In 1967, a young Preston Manning and his father Ernest, then the Social Credit premier of Alberta, published a provocative book entitled Political Realignment, which contended that “a merger of [the] staunchly federalist free-enterprise Social Credit and the wishy-washy middle-of-the-road Progressive Conservatives could create a vigorous, crusading national party of the right.”
Forty-seven years later, Canada is governed by a party representing that very coalition. But as conservatives gathered in Ottawa this month to discuss the state of their movement, dissonance and discontent, rather than celebration, were the orders of the day.
Eight years into its mandate Stephen Harper’s government feels tired, both politically and ideologically. When the junior Manning arrived in Ottawa just over two decades ago alongside fifty-one other Reform Party MPs, including Stephen Harper, his goal was not only the realignment of the Canadian right, but the wholesale transformation of a Canada that had been governed by the Liberal Party, with only brief interludes, since before the Second World War.
Ottawa was in crisis. Immovable constitutional negotiations had broken up Brian Mulroney’s once-invincible coalition into a host of ideological shards. Into this turmoil stepped the Reform Party, preaching its message of social conservatism, a smaller state and the need for sweeping democratic transformation. Unlike the more traditionalist and centrist PC Party, Reform carried with it the energy and pathologies of a grassroots protest movement, preoccupied as much by the desire to reform democratic institutions as the aim of advancing explicitly conservative objectives. (Manning even initially attempted to brand the party as “neither left nor right” and “more reformist than conservative.”)
The tension between these disparate thrusts—reformism/conservatism, movement/party—has haunted Reform and its successors, the Canadian Alliance and the Conservative Party of Canada, ever since. Today, in the midst of a Conservative majority government no less, many of the objectives which originally brought Reform to Ottawa seem very distant indeed.
Under Stephen Harper’s leadership the Conservatives have adopted ironclad message control and rigid party discipline. Despite promising never to appoint unelected Senators, the prime minister has put fifty-one into the Red Chamber, including several party operatives and defeated House candidates. Finance Minister Jim Flaherty, formerly an arch-conservative and a key figure in Mike Harris’ “Common Sense Revolution,” has even learned to stop worrying and love Keynesian economics. Publicly-funded advertisements cheerleading government spending programs are now seen from St. John’s to Vancouver Island. Social conservatism has not only been abandoned, but is actively suppressed within the party caucus.

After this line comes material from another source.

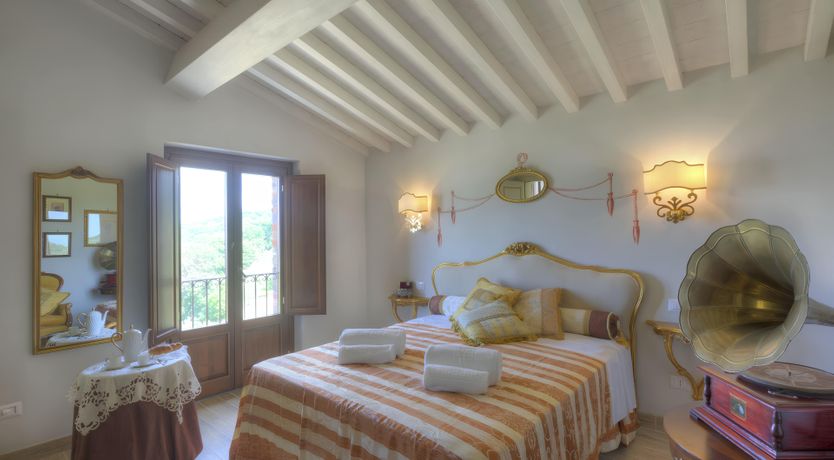 Photo of The Lago Sky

These transgressions against Reform Party orthodoxy were clearly on the minds of many delegates at the Manning Centre Conference, an annual event that displays impressive levels of dynamism and idealism conspicuously absent from the parliamentary wing of the conservative movement.
The sense of separation between party and movement pervades every aspect of the conference. Tables in the main foyer outside the convention halls lean heavily towards social and religious conservatism. Several of the speakers are American conservatives peddling ideas far to the right of the Canadian mainstream, which would never see the light of day in Stephen Harper’s cabinet. But at one session, pollster Andre Turcott announced that the public is largely uninterested in the issues that matter to conservative activists, and spoke openly about the party as a “brand.”
In his keynote address, Preston Manning proclaimed that declining voter turnout is the most serious problem facing Canadian democracy. At the same time, the Conservative government is pursuing legislation which critics say seems designed to lower voter turnout.
The party and the movement may belong, as Manning puts it, to the same “extended family.” But at present this family is deeply dysfunctional, torn between the perceived exigencies of winning and maintaining power and the desire of activists to see genuine conservatism reach more deeply into Canadian society.
Such tensions are largely alien to the political centre, represented in Canada by the Liberal Party, which explicitly rejects populism as divisive and tends towards managerial governance and elitist brokerage. But these conflicts remain equally important on the other side of Canadian politics, represented by the NDP.
Like Reform, the original caucus of the Co-operative Commonwealth Federation (CCF) arrived in Ottawa with political ideas antithetical to the mainstream that have since woven themselves into the fabric of daily Canadian life and been implemented in public policy (see: universal health care). Like the Conservative Party, New Democrats have western, agrarian, populist roots. Both began as social movements with reformist ideologies and transformed into political parties competing for power.
In 2011, Canadians for the first time selected political parties of the populist right and left as both their Government and Official Opposition. As the Canadian left gathers in Ottawa later this month for the Broadbent Institute’s “Progress Summit,” much about the political future of Canada may depend on who manages the tension between party and movement more constructively.